I'm thinking of lobbing in a 50cc jobby... as I can't be bothered to do the test to get a larger bike entitlement and pillion.

w


----------



## philsil (Jul 24, 2007)

gotched me a Dethleffs with a garage but cannot find a bike or scooter to fit. please let us know if you find a suitable scooter

best vfm:size and 50cc seemed to be the Benelli Pepe

http://www.benelli.co.uk/_bikes/pepe50/pepe50.php


----------



## jonegood (Nov 5, 2007)

Ive got a Kymco 125 agility in my Arto, fits a treat, Ive also got the ramp, two bikes bbq, chairs, table, tools etc. 

All up around 4t when filled with water (yes I have checked), but Arto is now plated at 4100kgs because its got air suspension (£400 from airide).

However as more weight = more fuel I do take a few steps to keep weight down- I dump the grey water at every opportunity 1/4 tank of grey water = 25kgs = 1/4 of the weight of the scooter. 

I also only carry 1 x 11 kgs gas bottle and a 6kgs lightweight = 17kgs saving( I ve got one of these 'dangerous if your not carefull refillers from ebay)

I also regularly go through the suplus; the 2 spare chairs that we never used, don t carry too many books and tools.

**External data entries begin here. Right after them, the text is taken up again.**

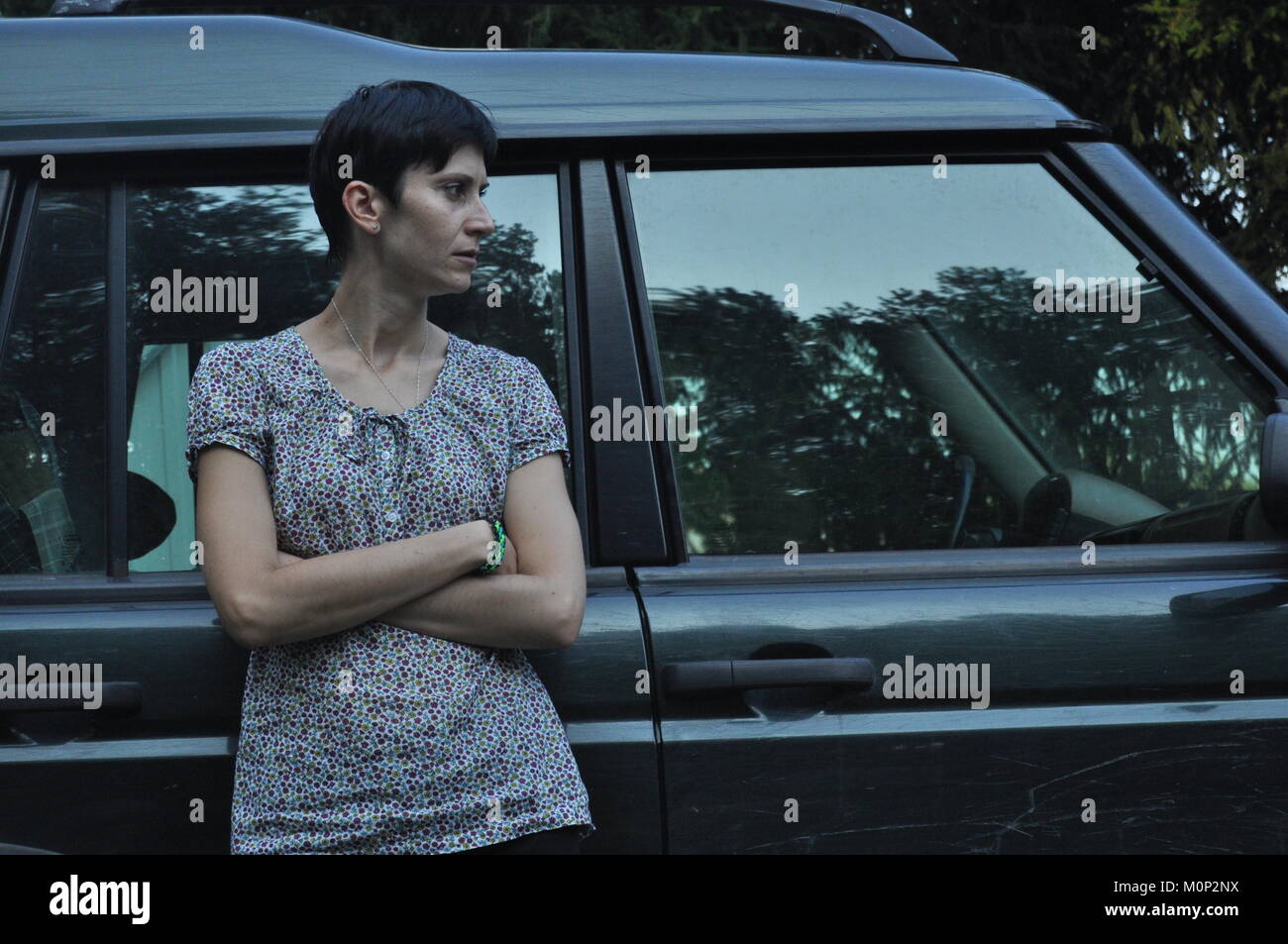 Die Frau unterhalten und nachdenklich. Mädchen mit Ohrringe. Lächeln und Zufriedenheit. Stockfoto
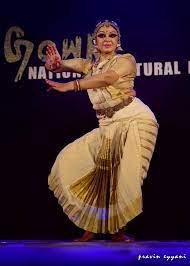 American ballet dancer learns bharatanatyam in dehradun. Shobana S Expressive And Aesthetic Performance The Hindu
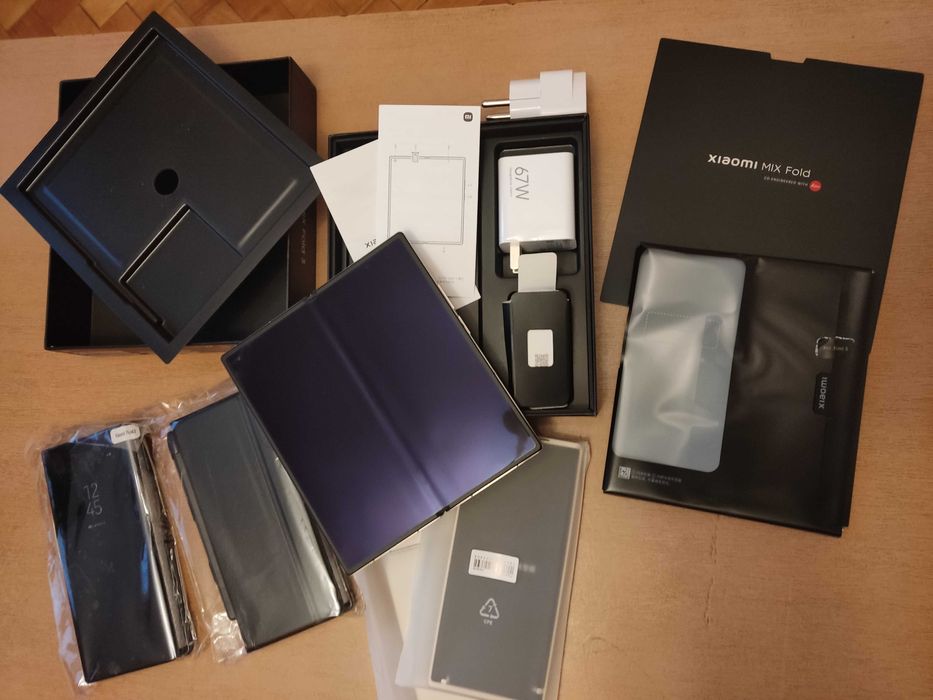 НОВ, НЕПОЛЗВАН смартфон Xiaomi Mix Fold 3, премиум пакет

I have considered getting rid of the jack, even though I know how to do it, I cant see myself trusting it on many occassions.

hope this helps.
Jon


----------



## wilse (Aug 10, 2007)

Ford

Will be telling you what's possible, as I've just bought a 50cc.
Will be trying to fit it in maybe at the weekend  

w


----------



## bendog (Apr 15, 2008)

*Adria Vision with scooter inside*

Where did you find 700 kg of payload , you will find its a lot less , the rear axle is still only plated at 2100 kg .


----------



## FordPrefect (Feb 9, 2010)

Thanks Wilse, that should help, my fingers are crossed for us both! Well we bought an Adria anyway - figuring that there is always the weighbridge/5 sacks of cement option. If we end up cycling everywhere we'll be learning the hard way. I'd also be interested to know if 50cc is enough with a pillion, I don't fancy riding some of the A roads at 25mph.


----------



## philsil (Jul 24, 2007)

One constraint for 50cc scooters is they can have a payload restriction of 150kgs

"Panic now do not wait for the rush"


----------



## wilse (Aug 10, 2007)

philsil said:


> One constraint for 50cc scooters is they can have a payload restriction of 150kgs
> 
> "Panic now do not wait for the rush"


Luckily I'm only 75Kgs and SWMBO is less


----------



## wilse (Aug 10, 2007)

Hi Ford


Here's your answer!


Just got to buy a ramp, as the bit of wood I used was a bit pathetic!


W


----------



## FordPrefect (Feb 9, 2010)

Great news - and a cool looking scooter - I can see its an Aprilla but it looks bigger than 50cc? 
Any idea how much the scooter weighs and how that will affect the payload?
Anyway thanks for posting the response, very kind of you to buy a scooter and put in in your van to answer my question!!!!


----------



## wilse (Aug 10, 2007)

Yes it does look a fat boy... but it is a 50cc 8O It's an Aprilia Mojito Custom. 
At the moment it does 40mph, we've had 30... two's up, but ran out of road.

Weighs in an 95Kg.... A lot lighter than my 176Kg X8!

Will be trying to get it weighed with the scooter in, in the next few weeks.

I've hopefully got a ramp sorted, although with two people you can lift it in.

No problems buying it for you to imagine!  

w


----------



## FordPrefect (Feb 9, 2010)

Once again thanks - it will be interesting to see how the weight goes, please let me know if you get it weighed. My fingers are crossed for you as we always wanted to get scooter (hopefully 100cc). Have a bit of a penchant for a Vespa for some unknown reason.

They said it couldn't be done - we'll see!!!


----------